3.Por norma, quem tem mais tendência para maus
hábitos: mulheres ou homens?
R:
Já tenho
debatido esta ideia com outros profissionais que exercem clínica e que
partilham comigo a suspeita que as mulheres suportarão melhor o sentimento de
estarem consigo próprias. Ser capaz de estar consigo mesmo é não sentir a solidão.
Depois, tradicionalmente,
as mulheres estarão mais habituadas a cuidarem de um conjunto de tarefas em
simultâneo e parece-me que isso lhes pode dar uma certa vantagem no que
respeita ao desafio de resolverem muitas coisas. E também pedem mais ajuda.
É sabido que
um maior número de mulheres pede apoio psicológico. Isto poderia ser entendido
como tendo os homens mais recursos psicológicos para lidarem com as situações
de crise, mas estou em crer que não se pode fazer essa leitura. Parece-me, ao
invés, que as mulheres expressam de forma mais espontânea o que sentem e pensam,
e que isso lhes dá menos resistência ao trabalho psicoterapêutico.
Partindo da
ideia que os maus hábitos estarão relacionados com resistência a pensar aquilo
que faz sofrer e também com a dificuldade em pedir ajuda profissional, quase me
atrevia a dizer que as mulheres têm menor risco. A pessoa que é capaz de
reconhecer os seus piores hábitos e a falta de saúde psíquica e física, recorre
mais facilmente também às consultas médicas.

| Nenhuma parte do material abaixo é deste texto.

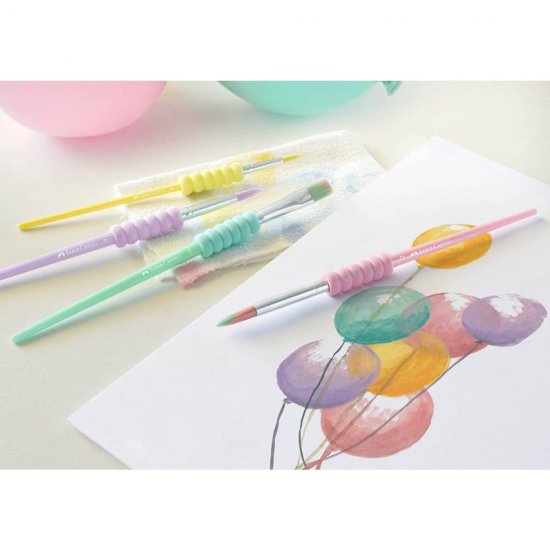 Set 4 Pensule cu Par Sintetic Faber-Castell Soft Touch Pastel, Grip Moale, Marimi si Culori Diferite, Pensule Pictura, Set Pensule Pictura, Penson Pictura, Set Pensoane, Pensoane de Pictat, Pensula Pictura, Pensule pentru Pictura, Pensoane pentru Pictat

4. As realidades inesperadas que o divórcio traz não
têm necessariamente que ser más... há quem, após um divórcio, comece a cuidar
mais do corpo, a fazer exercício físico, por exemplo...
Sim e há quem recupere
saúde: fisica e psíquica! É preciso não esquecer que há relações francamente
patológicas em que os cônjuges se atacam e agridem. De facto, há padrões de
relação que, ao invés de serem uma forma de crescimento de cada um, são
esmagamentos do outro e um violento ataque à individualidade do outro. Na
prática clínica, constatamos que um indivíduo que tenha vivido uma relação que
o humilhou ou controlou durante anos, pode ficar doente e desenvolver
patologias de tipo psicossomático. Nestes casos torna-se bem evidente a
recuperação da saúde, logo após o divórcio ou a médio prazo!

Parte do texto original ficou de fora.